EXERCISE DIRECTIONS: What is needed is an exact copy of the records below, with the pictures left out.

[Collected data]
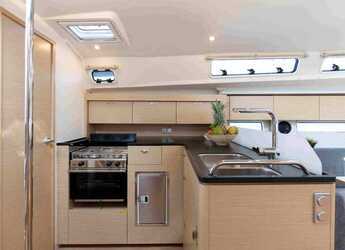 Alquilar velero en Marina Mandalina - Hanse 410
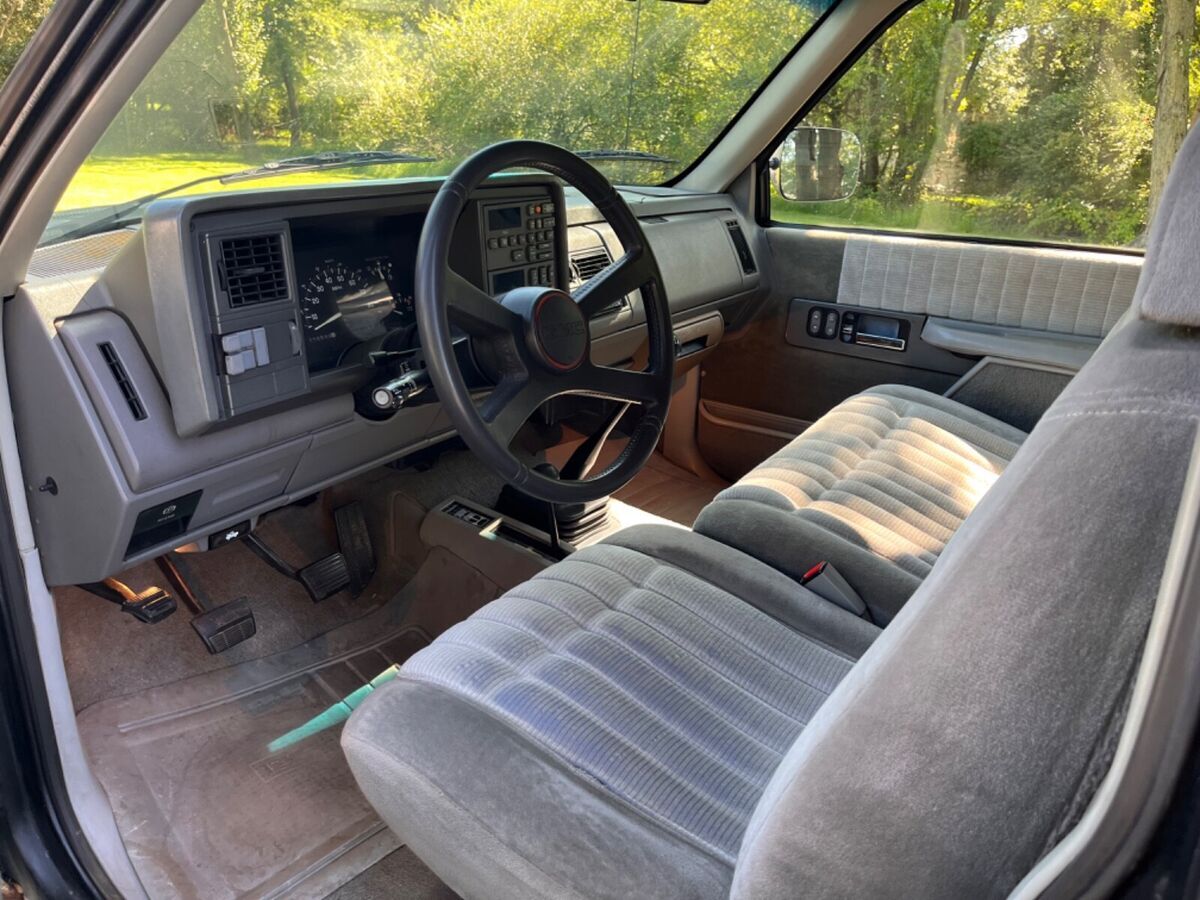 1992 GMC Sierra 2500 K2500 - photo 12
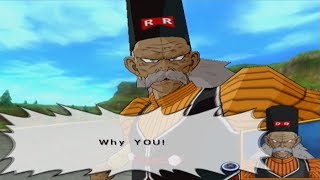 Dragon Ball Z: Budokai Tenkaichi 2 - Super Android 13 - 00 Doctor Gero's Final Moments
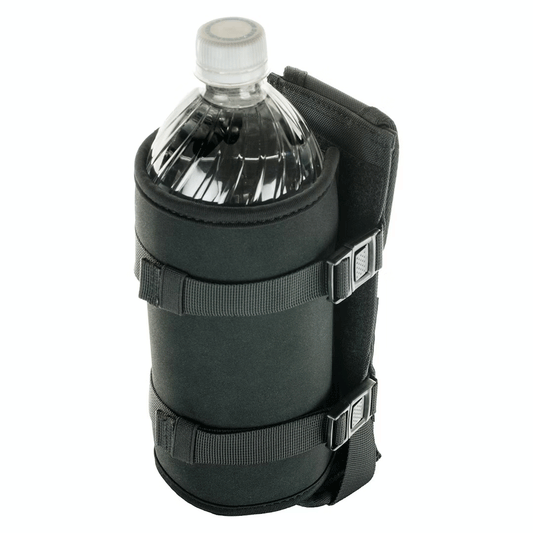 BrightLine Bags Side Pocket Echo insulated adjustable water bottle pocket for FLEX system bags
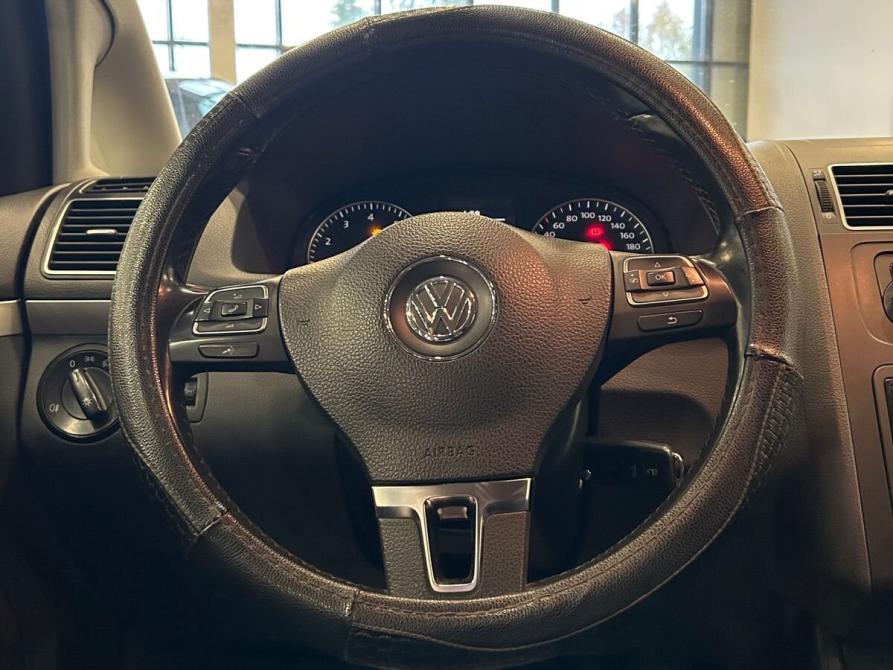 Volkswagen Touran I Рестайлинг 2 Апатиты  - изображение 18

EXERCISE SOLUTION:
 Alquilar velero en Marina Mandalina - Hanse 410
 1992 GMC Sierra 2500 K2500 - photo 12
 Dragon Ball Z: Budokai Tenkaichi 2 - Super Android 13 - 00 Doctor Gero's Final Moments
 BrightLine Bags Side Pocket Echo insulated adjustable water bottle pocket for FLEX system bags
 Volkswagen Touran I Рестайлинг 2 Апатиты  - изображение 18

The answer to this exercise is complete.